26 Febrero 2007 Seguir en 
El Gobierno nacional respaldó con ayudas indirectas a Tucumán, pero no cedió terreno para que la provincia, una de las aliadas, tenga autonomía política y financiera.Las decisiones políticas unilaterales de la Casa Rosada (la última fue el aumento salarial a los docentes) obligan a efectuar un balance respecto de los efectos que esas medidas de la gestión de Néstor Kirchner generan en las provincias. Y fuerzan a efectuar una interpretación local: ¿cuánto ganó y cuánto perdió Tucumán? Transcurrido prácticamente el mandato, algunos hechos pueden dar cuenta de cuál es la situación.

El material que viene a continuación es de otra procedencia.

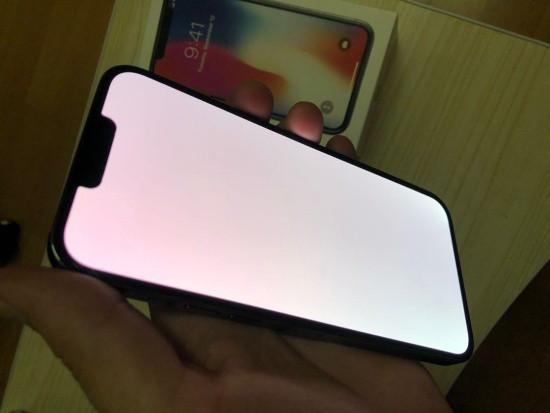 iPhone 13 Pro Max bị lỗi màn hình trắng, iFan phải làm sao?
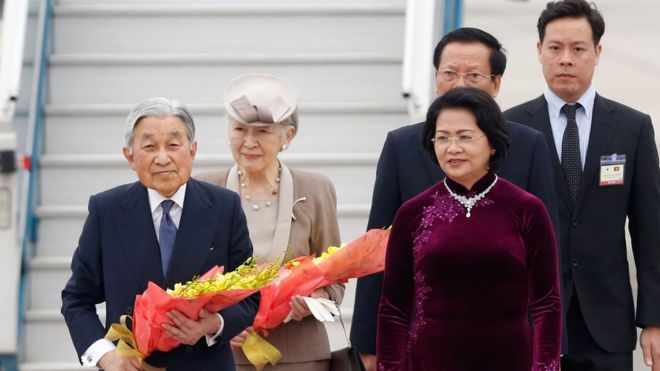 Phó Chủ tịch nước Đặng Thị Ngọc Thịnh đã ra đón tiếp Nhật hoàng và Hoàng hậu Nhật Bản tại sân bay Nội Bài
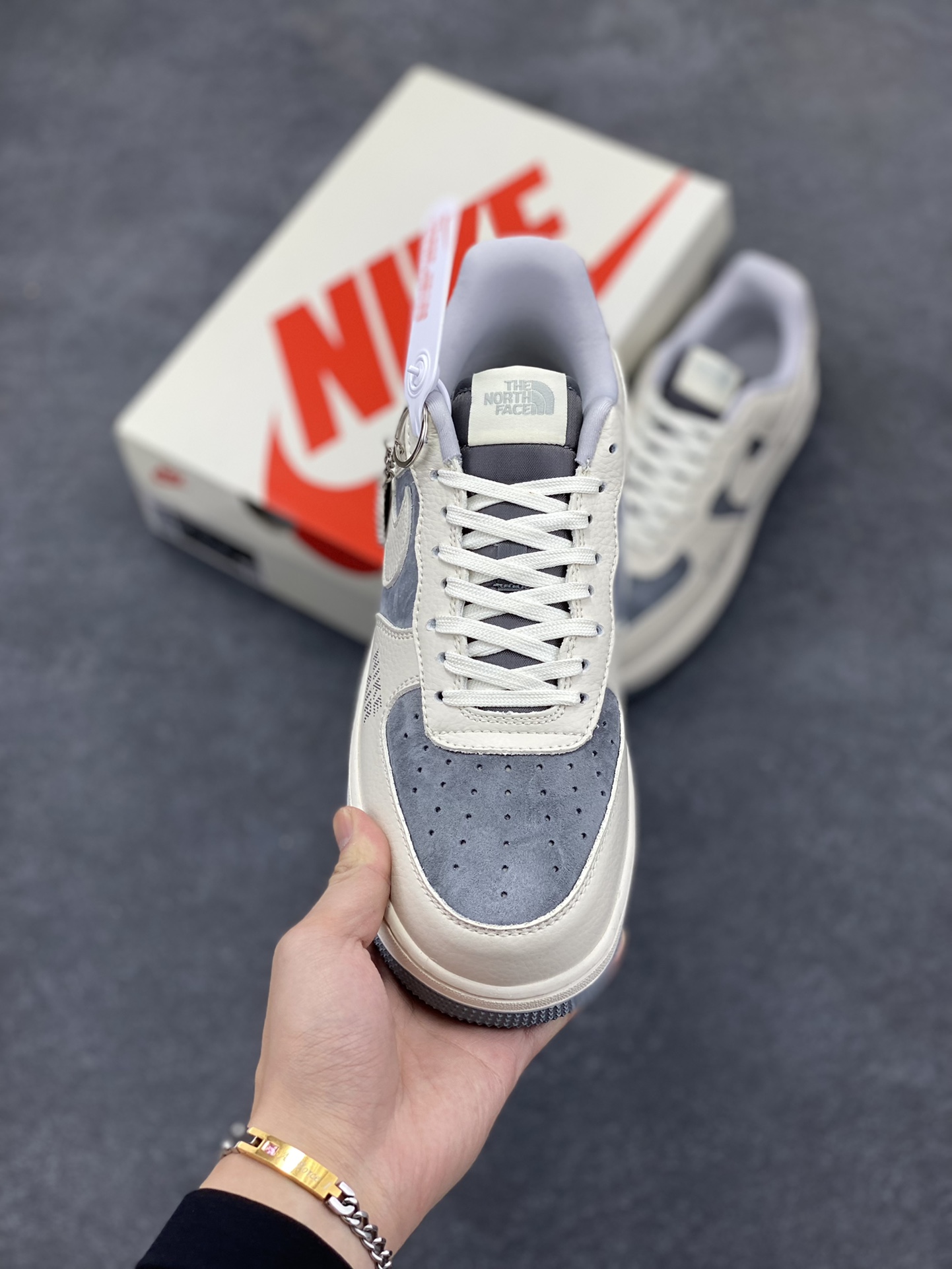 图片[2]-NIke Air Force 1 \’07 Low “北面联名–米白灰底”空军一号 低帮 运动鞋 休闲鞋 折边针车 工艺难度大 原楦头原纸板 原装鞋盒 定制五金配件 内置全掌气垫 原厂鞋底 货号：DF0188-014 尺码：36 36.5 37.5 38 38.5 39 40 40.5 41 42 42.5 43 44 44.5 45-选品中心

En su paso por la provincia, el ex ministro de Economía Roberto Lavagna recordó que en abril de 2003 impulsó un proyecto de redistribución de los fondos coparticipables que implicaba una reparación histórica para el NOA y para el NEA, las regiones que sufren en mayor medida de necesidades básicas insatisfechas. Es bueno recordar que esa iniciativa terminó de elaborarse aquel año en la Casa de Gobierno de Tucumán, con la presencia de casi todos los ministros provinciales y de una comisión especial conformada por hombres del duhaldismo, hoy cercanos al kirchnerismo. Fue cuando se afianzó el concepto de “federalismo con responsabilidad fiscal”. De ese concepto sólo sobrevivió la parte de la “responsabilidad fiscal”, porque el proyecto naufragó debido al “unitarismo” de los distritos más grandes y de la propia Nación que no querían perder terreno en el reparto de fondos de coparticipación. Si ese proyecto hubiera prosperado, Tucumán habría recibido hasta nuestros días, grosso modo, unos $ 1.200 millones más por transferencias nacionales, monto equivalente a un plan de obras públicas anual.

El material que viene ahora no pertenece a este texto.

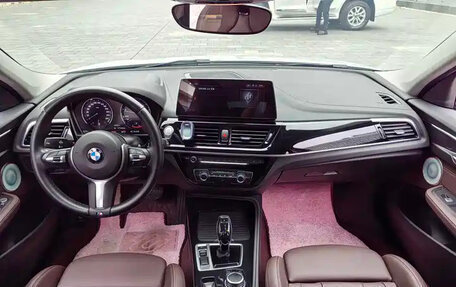 BMW 1 серия, 2023 год, 1 850 000 рублей, 8 фотография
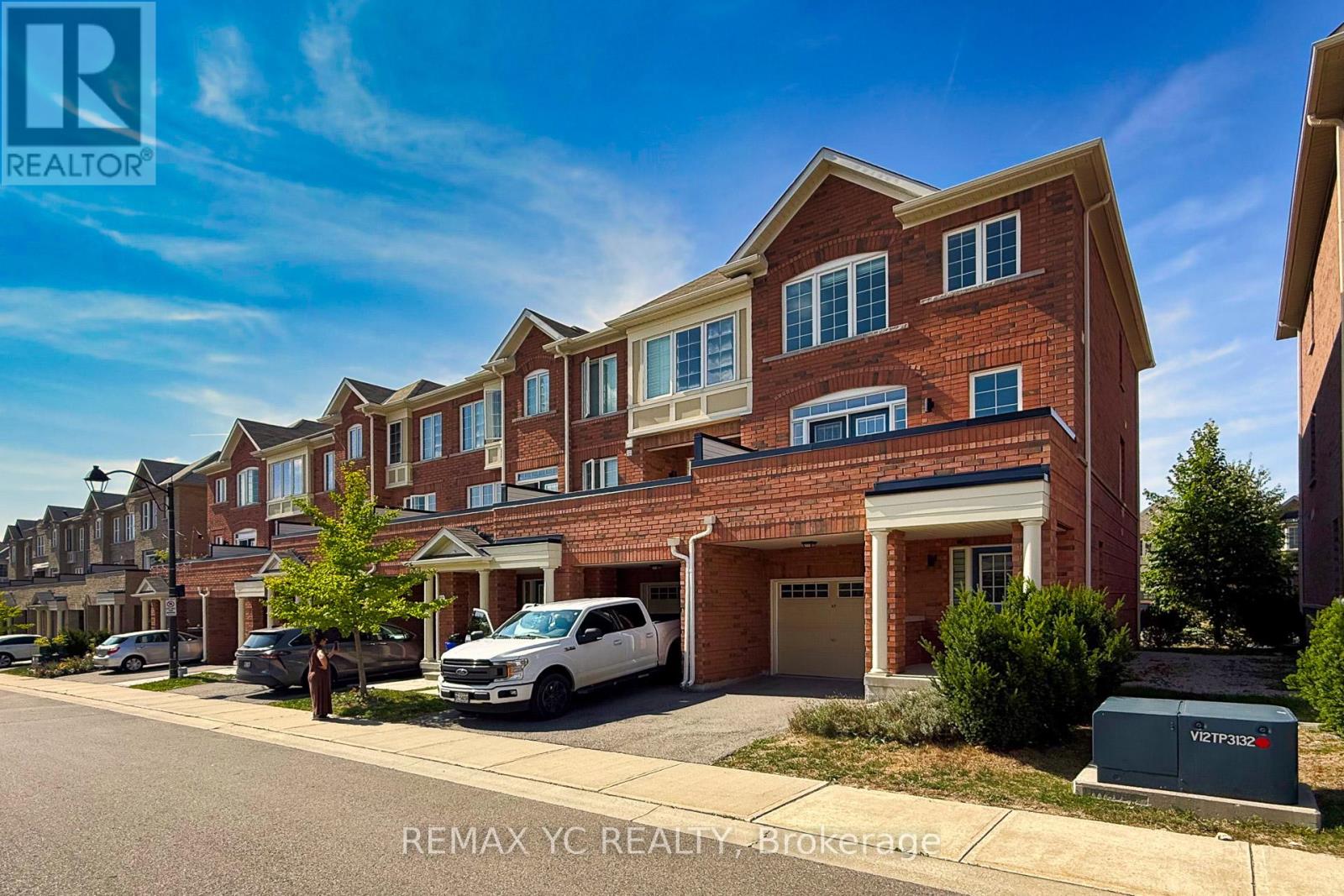 37 Torah Gate, Vaughan (Patterson), Ontario  L6A 4Y4 - Photo 1 - N12412810
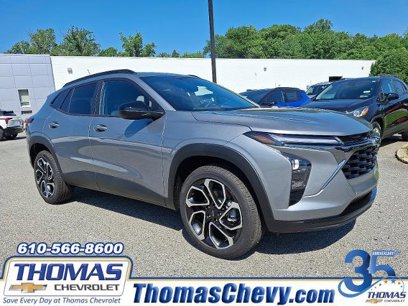 New 2025 Chevrolet Trax RS w/ Driver Confidence Package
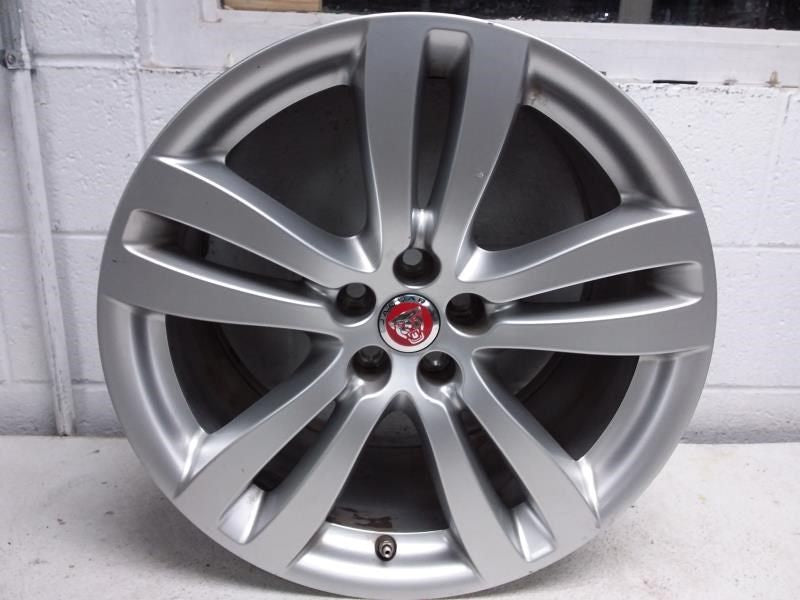 2012 Jaguar XJ8 Used Wheel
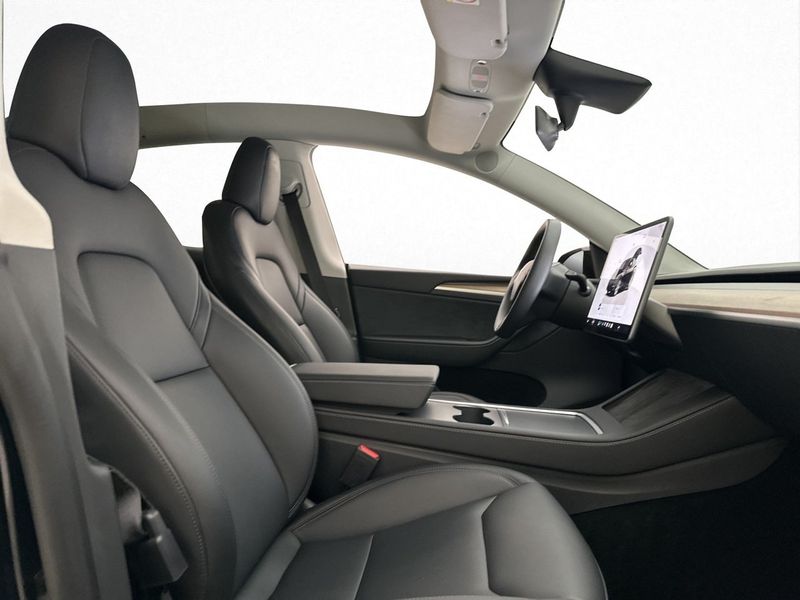 Tesla Model Y bild 26
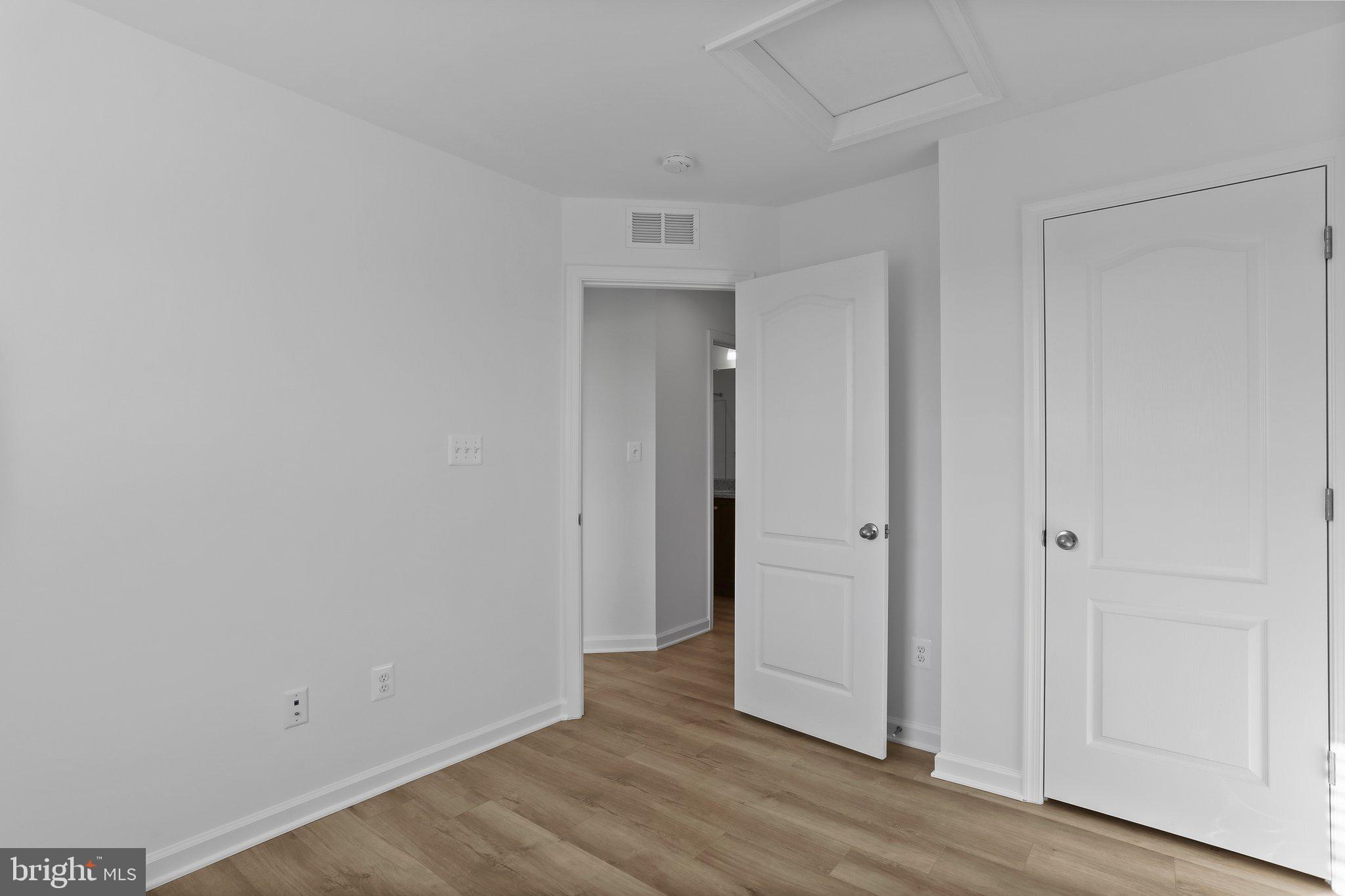 MCCAULEY CROSSING - Residential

El sistema de reparto de recursos sigue como entonces. De alguna manera, el Gobierno nacional debía contribuir a que las provincias salieran de los desequilibrios fiscales. Tucumán pudo sacar de circulación los bonos con un crédito del cual falta pagar cerca de $ 150 millones de capital. Paralelamente, se crearon los Planes de Financiamiento Ordenado (PFO), uno de los elementos que incrementan la deuda pública tucumana, que, según el Tribunal de Cuentas, supera los $ 3.700 millones. Los PFO implicaron patear parte de la deuda hacia adelante, pero a un costo superior a los $ 1.000 millones desde 2003 hasta la fecha.
El principal acreedor es la Nación, y por eso, Lavagna dice que los gobernadores del interior -entre ellos, José Alperovich- no tienen el coraje de reclamarle a Kirchner los fondos para atender las subas salariales en cada distrito.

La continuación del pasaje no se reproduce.